Electron injection from MAPbI₃ to TiO₂ is obvious for the sensitization structure, where the MAPbI₃ nanodots were deposited locally on TiO₂ surface and the mesopores in the TiO₂ film were filled with hole transporting spiro-MeOTAD.¹ However, working mechanism may be different in case of the mesoscopic structure in which pores of the TiO₂ film is filled with MAPbI₃. Although charge separation was observed at both TiO₂ and spiro-MeOTAD junctions in the mesoscopic structure by transient laser spectroscopy and microwave photoconductivity measurements,²² it was argued that the dominant transport pathway would be the perovskite absorber even in the mesoscopic structure.²³ This indicates that electron injection is debatable in the mesoscopic structure with mesoporous TiO₂ film impregnated with MAPbI₃. We are thus motivated to study on the degree of electron injection in the mesoscopic structure by depositing the electron non-accepting ZrO₂ layer²⁴ on TiO₂ surface and controlling the thickness of ZrO₂ layer.

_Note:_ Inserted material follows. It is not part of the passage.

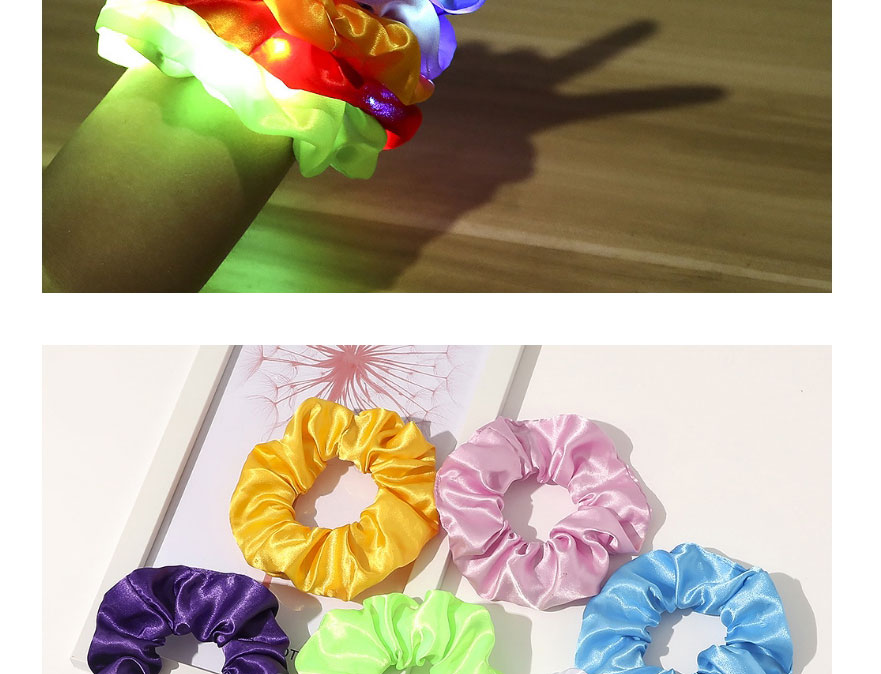 Fashion Lavender (charged) Fabric Pleated Hair Tie,Hair Ring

Here, we report on effect of the ZrO₂ layer deposited on TiO₂ surface on photovoltaic performance of the mesoscopic structured perovskite solar cell. In order to investigate electron injection behavior, the thickness of the ZrO₂ thin layer was varied from about 5 Å to 22 Å by changing the concentration of zirconium butoxide coating solution. Photovoltaic parameters were substantially changed with increasing the ZrO₂ layer thickness, where photovoltage increased with ZrO₂ layer thickness and eventually approached to that for the pure ZrO₂ mesoporous film. Our experimental observation proves that electron injection occurs at least in the interfacial MAPbI₃ being in contact with TiO₂ surface.

2. Experimental

2.1 Preparation of mesoporous TiO₂ films

Anatase TiO₂ nanoparticles (average diameter of about 50 nm) were hydrothermally synthesized by two step method.²⁵ The paste was prepared by mixing the TiO₂ nanoparticles with terpineol (Aldrich, 99.5%), ethyl cellulose (Aldrich, 46 cp) and lauric acid (Fluka, 96%). The nominal composition of TiO₂ : terpineol : ethylcellulose : lauric acid was about 1.25 : 6 : 0.9 : 0.1. Fluorine-doped tin oxide (FTO) glass (Pilkington, TEC-8, 8 Ω sq⁻¹) was cleaned by UV/ozone treatment and sonication with ethanol. FTO surface was covered with a thin compact TiO₂ layer prior to deposition of the mesoporous TiO₂ film by spin-coating the 0.15 M titanium diisopropoxide bis(acetylacetonate) (75 wt%, Aldrich) solution in 1-butanol at stepwise spin rate of 700 rpm for 8 s, 1000 rpm for 10 s, and 2000 rpm for 40 s, which was followed by drying at 125 °C for 5 min and then finally annealed at 500 °C for 15 min. The nanocrystalline TiO₂ paste was deposited on the compact TiO₂ layer using spin-coating technique at the rate of 2000 rpm for 20 s and subsequently annealed at 550 °C for 1 h in a muffle furnace to obtain mesoporous TiO₂ film. Thickness of the annealed mesoporous TiO₂ layer was measured to be 300 ± 20 nm by an alpha-step IQ surface profiler (KAL Tencor). The annealed TiO₂ film was immersed in the 20 mM TiCl₄ (Aldrich) aqueous solution at 70 °C for 10 min. The substrates are washed with distilled water and dried under air flow, which was followed by annealing at 500 °C for 30 min.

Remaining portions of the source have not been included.